Mustafa Kemal Atatürk’ün en yakın dostlarından, ‘Akıl defteri’ Mazhar Müfit Bey’e (Mazhar Müfit Kansu) neler yapacağını ve yaşadığı günlük olayları not tutturduğunu yazar tarihçiler. 19 Mayıs 1919’da Samsun’a ayak bastığı ve Kurtuluş Savaşı ateşini yaktığı günden 3 ay sonra, Mazhar Müfit’e şöyle der:

Not et! 7-8 Temmuz 1919, Erzurum, sabaha karşı. Bir; zaferden sonra hükümet biçimi Cumhuriyet olacaktır. İki; Padişah ve hanedan hakkında zamanı gelince gereken işlem yapılacaktır. Üç; Örtünmek kalkacaktır. Fes kaldırılacak, şapka giyilecektir’
Mazhar Müfit Bey’in elindeki kalem düşer!
Atatürk sorar: ‘Niye durakladın?’


‘Darılma ama paşam, sizin hayal peşinde koşan taraflarınız var!’
Atatürk devam eder: “Bunu zaman gösterir, sen yaz!”
Beşinci maddeye gelince, Mazhar Müfit Bey, yatmak için izin ister, çünkü bu madde ‘Latin harfleri kabul edilecek’ diye başlar.
Mazhar Müfit Bey’in tahammülü kalmamıştır, gün de ağarmıştır, müsaade ister, yatmaya çıkar, içinden ‘Şu bizim paşa amma da hayalperest’ diye geçirir.
Aradan yıllar geçer, Mustafa Kemal Atatürk’ün o gece Mazhar Müfit’e not ettirdiği maddelerin hemen hepsi gerçekleşir. Kurtuluş Savaşı zaferle tamamlanır. Cumhuriyet ilan olunur. Hilafet kaldırılır. Şapka ve Kıyafet Kanunu yürürlüğe girer.

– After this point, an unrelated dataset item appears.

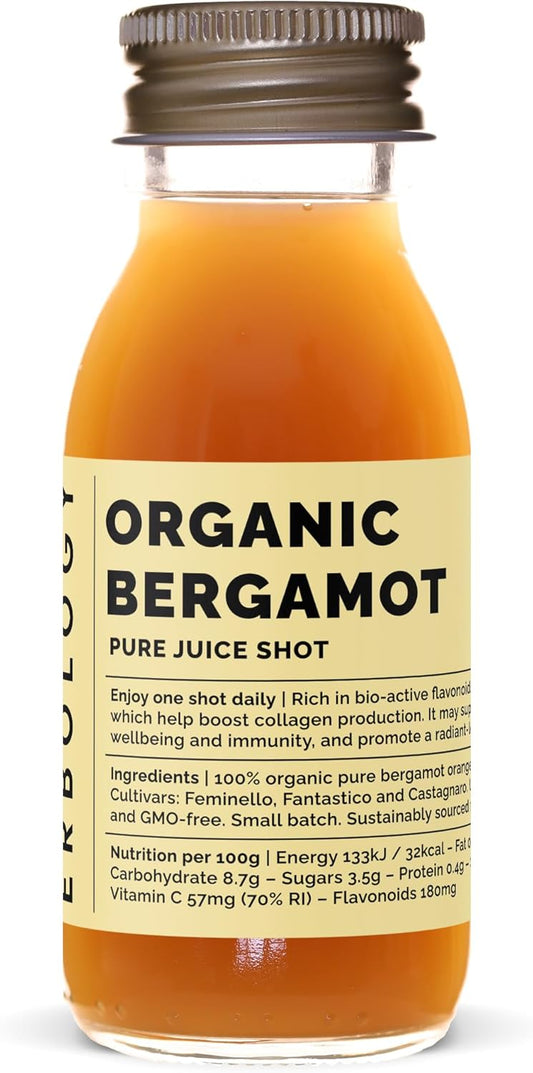 Organic Bergamot Juice Shots for Immunity & Collagen - High in Vitamin C - 100% Pure from Italy - No Sugar - 12 Daily Shots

Şapka devrimini de açıklayan Atatürk, Kastamonu’dan dönmektedir.

Mazhar Müfit de kafileyi seyretmektedir. Birden öyle bir şeye şahit olur ki Mazhar Müfit gözlerine inanamaz. Atatürk’ün yanında oturan Diyanet İşleri Başkanı’nın başında şapka vardır. Mazhar Müfit bunu hayretle izlerken Atatürk, otomobilini yavaşlatır ve Mazhar Müfit’e seslenir, yanına çağırır:

O’na şöyle der:
‘Azizim Mazhar Bey, notlarına bakıyor musun, kaçıncı maddedeyiz?’

***

Küba Lideri Fidel Castro’ya sormuşlar;

‘Siz bu ülkenin (Küba) kurucu liderisiniz. Normal olarak sokaklarda sizin heykellerinizin olması gerekir. Üstelik bunca sosyalist önderler dururken siz sadece Mustafa Kemal’in heykeline izin verdiniz?’ Castro’nun cevabı şu olmuş; ‘Bizler daha çok devlet adamıyız. O ise bir kahraman. Sokaklara devleti yönetenler değil, Kahramanlar yakışır’

Fidel Castro yıllar sonra Türkiye’ye gelince yine benzer sorularla karşılaşır. Cumhuriyet kazanımları gördüğü için bu kez yanıtı şu olur: ‘Her şeyi anladım da bunca güçlülüğü ve değişimi nasıl başardı hafızam almıyor’

***

Cumhuriyet’in ikinci 100 yılına girerken Mustafa Kemal Atatürk’ün sağladığı Cumhuriyet kazanımlarını sonraki yazılarımda sizlerle paylaşacağım.